Getting a Mortgage

Taking out a mortgage to buy a home is a big financial commitment so it’s vital that you understand how the process works and what it means for your finances.

What is a Mortgage?

A mortgage is a loan acquired to purchase property or land. The loan is ‘secured’ against the property which means that if you fail to make repayments then the lender has the right to take possession of your home and sell it to repay what you owe. The average mortgage runs for 25 years but the term can be longer or shorter depending on your circumstances.


Taking out a Mortgage

You can take out a mortgage with a bank, building society or specialist mortgage lender. Before they agree to lend you the money they will make thorough checks to ensure you can afford the monthly repayments and that the property is worth the amount you’re requesting to borrow.

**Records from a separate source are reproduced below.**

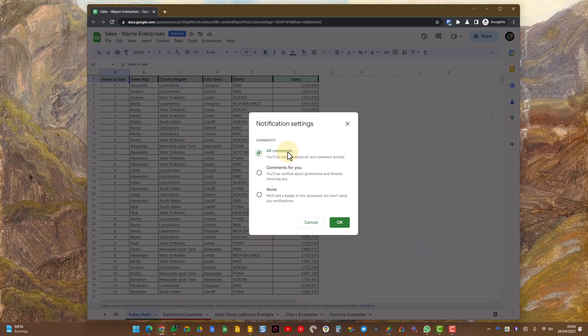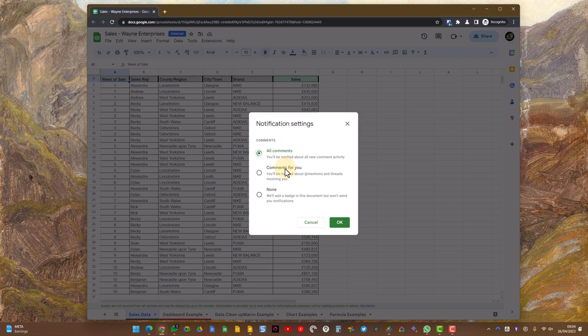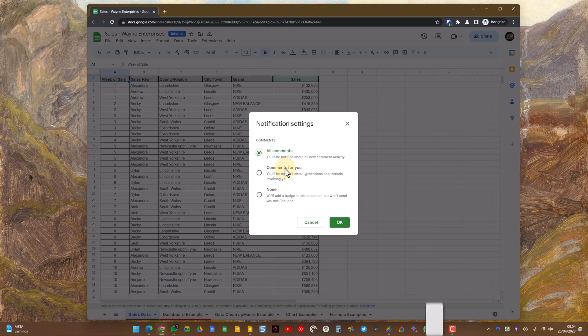The best option is this one, comments for you. This way you'll only get notified if someone mentions you or they add a comment to a thread that you're already part of.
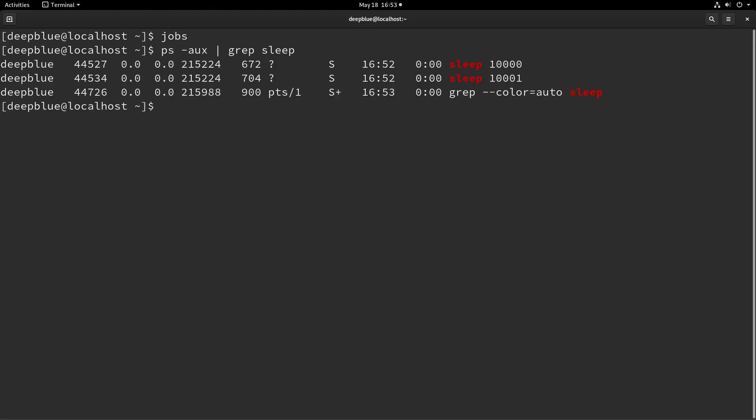So that's the purpose of disown and nohup and a little bit about how to manage processes from the foreground and the background, and how to work with different things when you're on a terminal session or a console session or an SSH session.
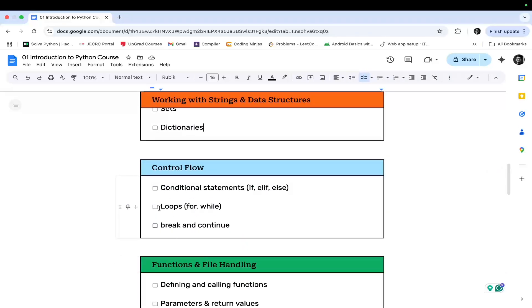Then in the next module, we will be covering control flows, which includes conditional statements like if, else, and their various types, loops — for loop, while loop — and break and continue keywords.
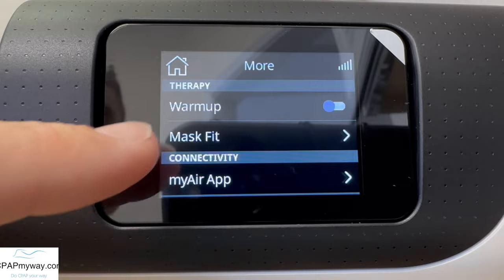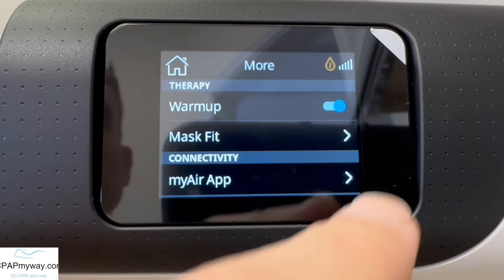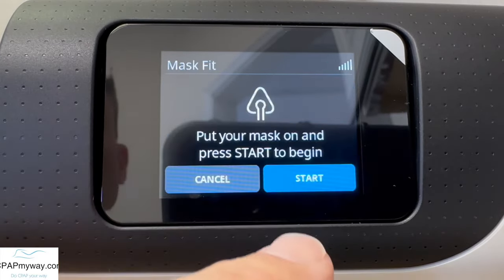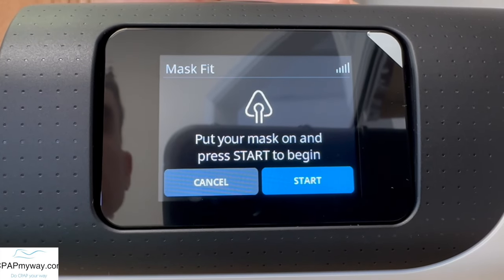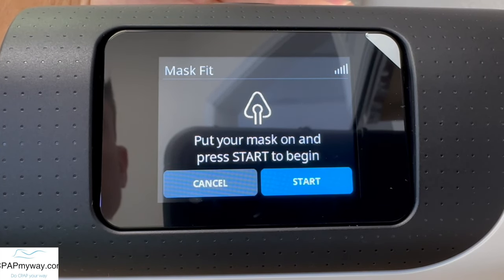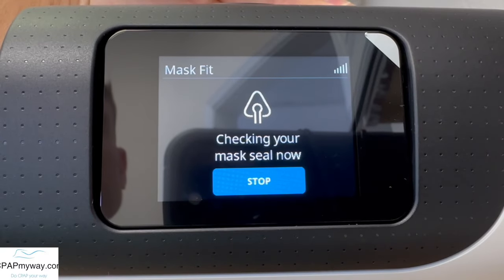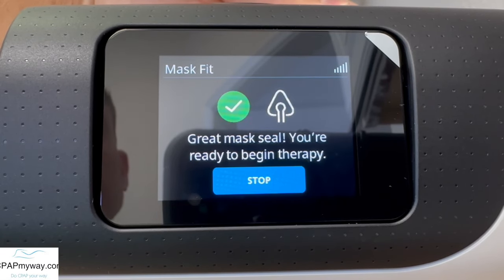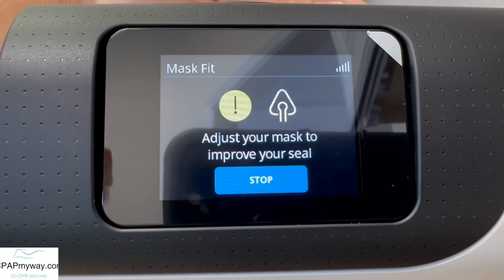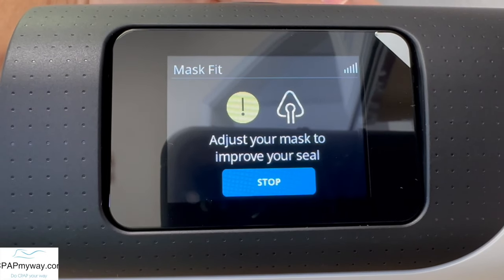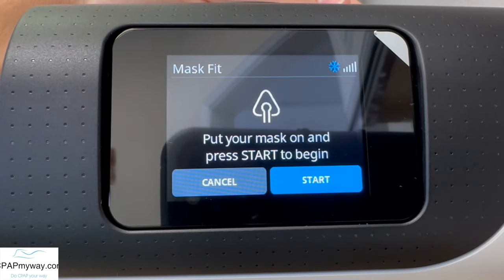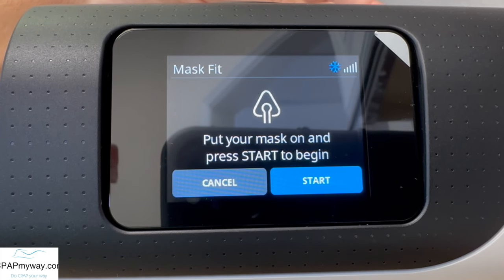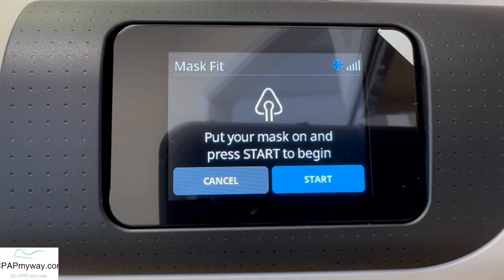If you click on more, you'll see a warm-up that'll pre-heat your water for you if you like. You see mask fit, where you can actually check your mask fit. Press start and it'll tell you how your mask is sealing. Obviously we don't have a mask on right now, but if you've got your mask on correctly, it'll give you a good or bad fit and you can adjust the mask.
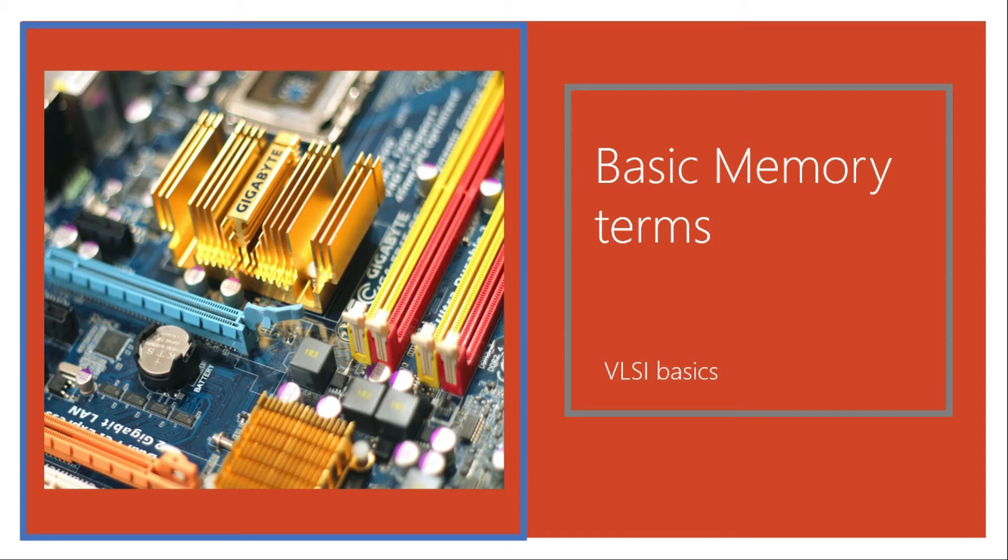Hi and welcome back to this course on Memories in VLSI. In this video, we will continue with our introductory part and will cover some of the basic terms related to memory.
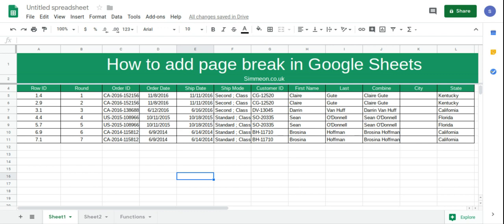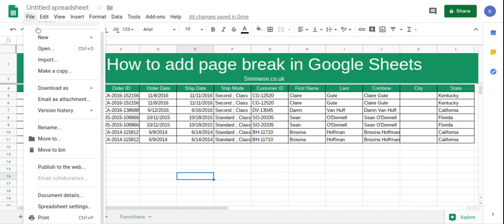In this video we're going to take a look at how to add a page break in Google Sheets. First, click File and then Print.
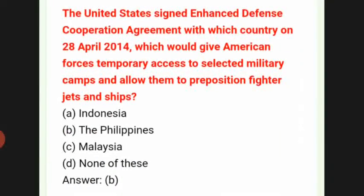The United States signed an Enhanced Defence Cooperation Agreement with which country on 28 April 2014, which would give American forces temporary access to selected military camps and allow them to preposition fighter jets and ships? The answer is B: the Philippines.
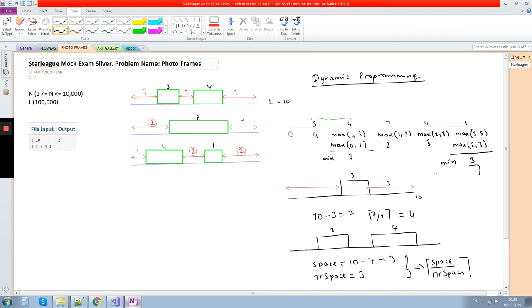What is the time complexity of this solution? There are N photos, and for each photo we try it alone, with the previous one, and so on. Because L can be up to 100,000, it is possible to place all photos on one row, so it could be N times N. The time complexity is quadratic, but this is acceptable for N up to 10,000.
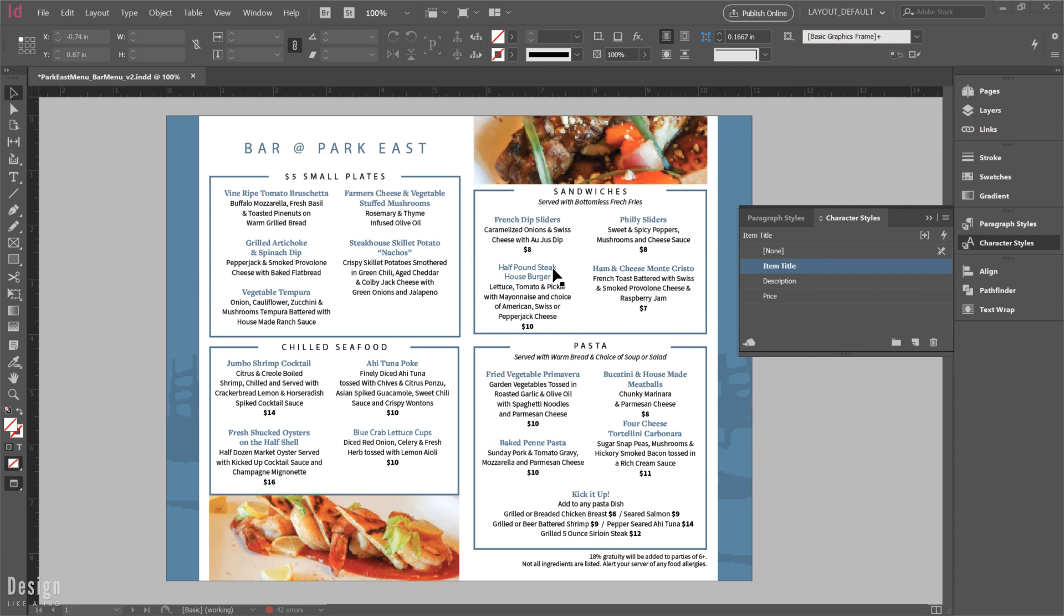Or we can just start with a brand new document and bring our styles in and have some things ready to go. And this is great if you're trying to keep brand consistency, or if you just want to use styles that you know you've already set in a previous document. So this quick tip is going to show you how to bring those character styles into any document.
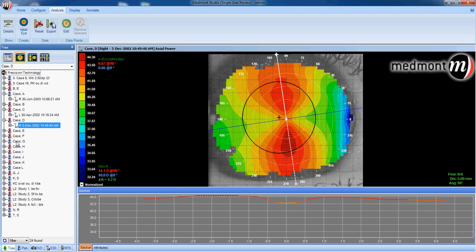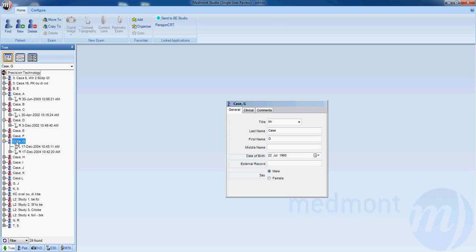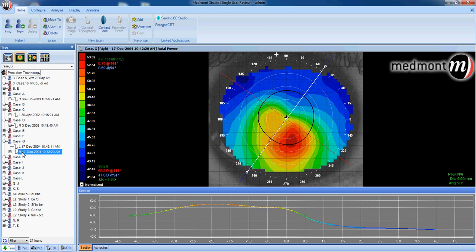For a keratoconic patient, you would see a map looking more like this, where we don't see a defined flat and steep meridian and we don't see a bow-tie shaped astigmatism. We see a typical ectasia where the steepest point of curvature is inferior of the apex.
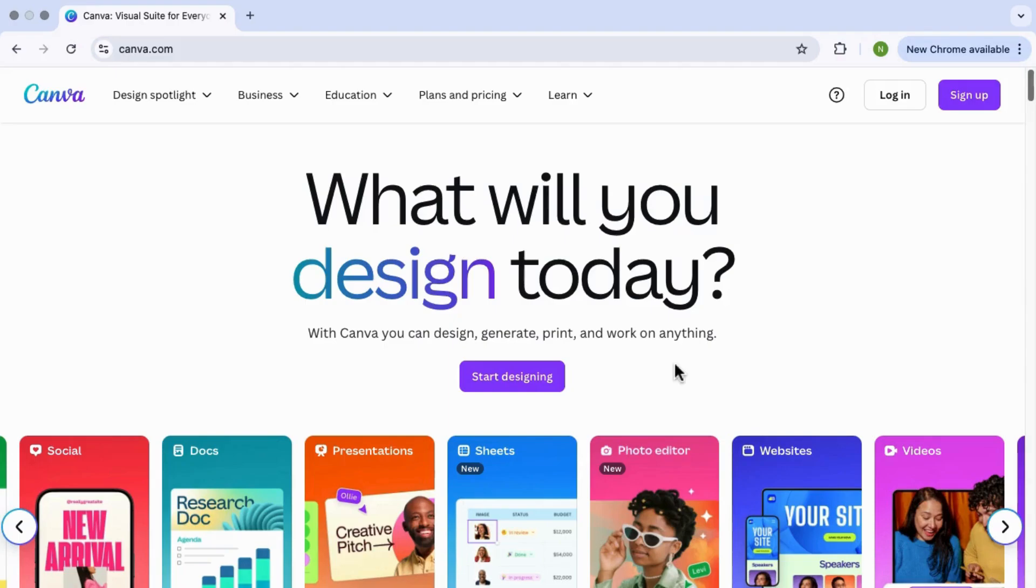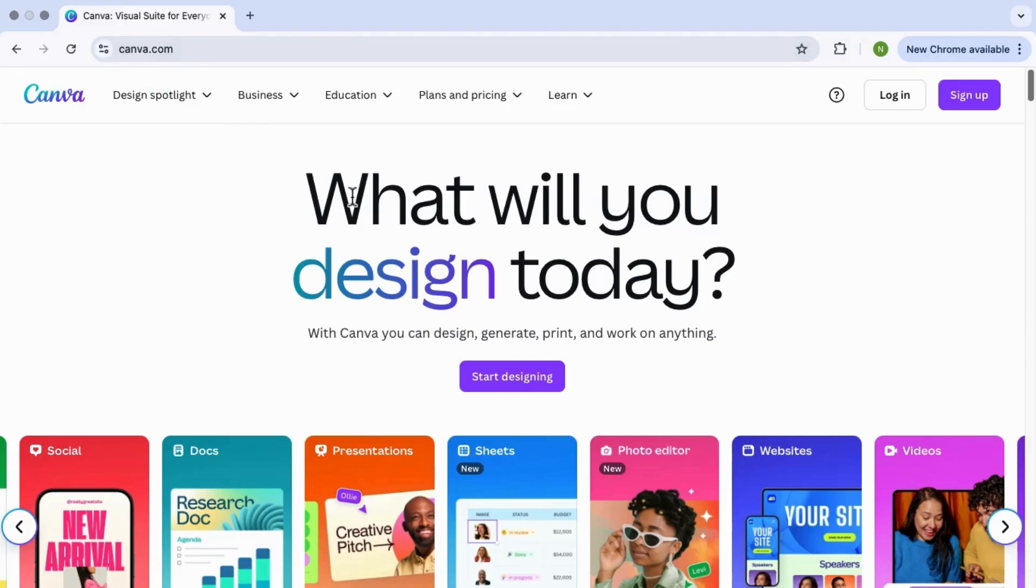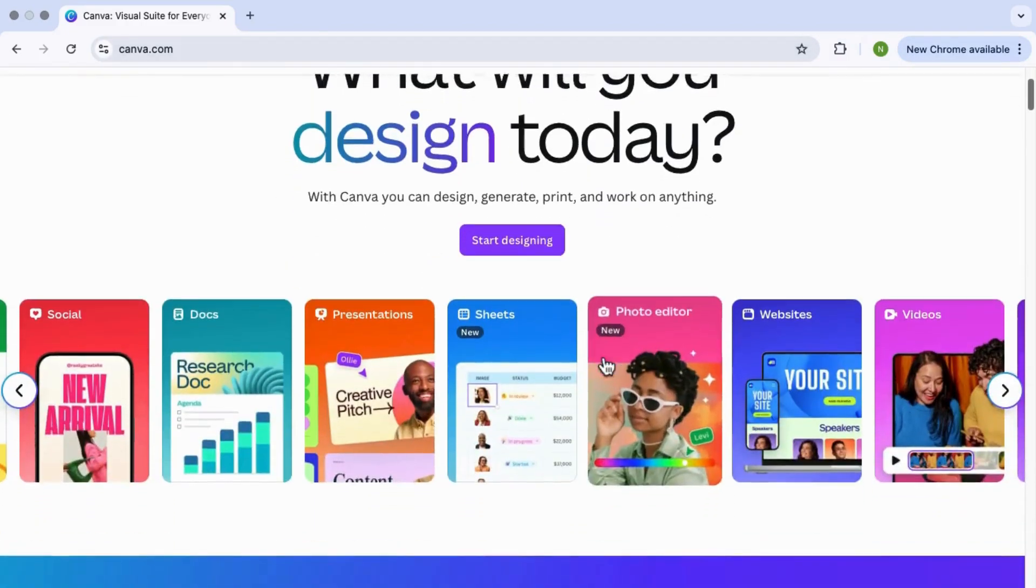So first, head over to Canva website. You can just search for Canva on Google or type in canva.com in your browser. And once you're on the page, scroll down and look for the button that says start free pro trial.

Almost all mortgage schemes require a deposit of your own money. This deposit is a fraction of the total cost and the mortgage that makes up the difference is referred to as the percentage ‘loan-to-value’. For example, if you secured a £10,000 deposit on a £100,000 property then the deposit is 10% of the price and the mortgage loan-to-value is 90%. In general, the higher the amount you can put down as a deposit then the lower the mortgage interest rate you’ll be offered.

How a Mortgage is Repaid

A mortgage consists of two parts:

  • The money you borrow (the capital)
  • The charges made by the lender (the interest)

When you acquire a mortgage you have to state how you will make repayments. You can either repay a combination of capital and interest, interest-only or a combination of the two. If you opt for an interest-only mortgage you will also need to show how you will repay the capital at the end of the term.

Types of Interest Rates

Mortgages are available with fixed or variable interest rates. A fixed interest rate will remain the same for a fixed period of time whereas a variable interest rate could move up or down.

What Can You Afford?

Before you go ahead with any loan, you must always consider how you will keep up repayments. If you cannot keep up repayments then your home may be repossessed and following this incident, you may find it difficult to borrow in the future.

Lenders require proof of income and outgoings, including household bills, personal expenses and child maintenance when they decide on the amount to lend to you. They will also look ahead to consider whether you could still afford repayments if interest rates were to rise and will question you about any planned changes which could affect your ability to pay in the future (e.g. having a baby or retirement).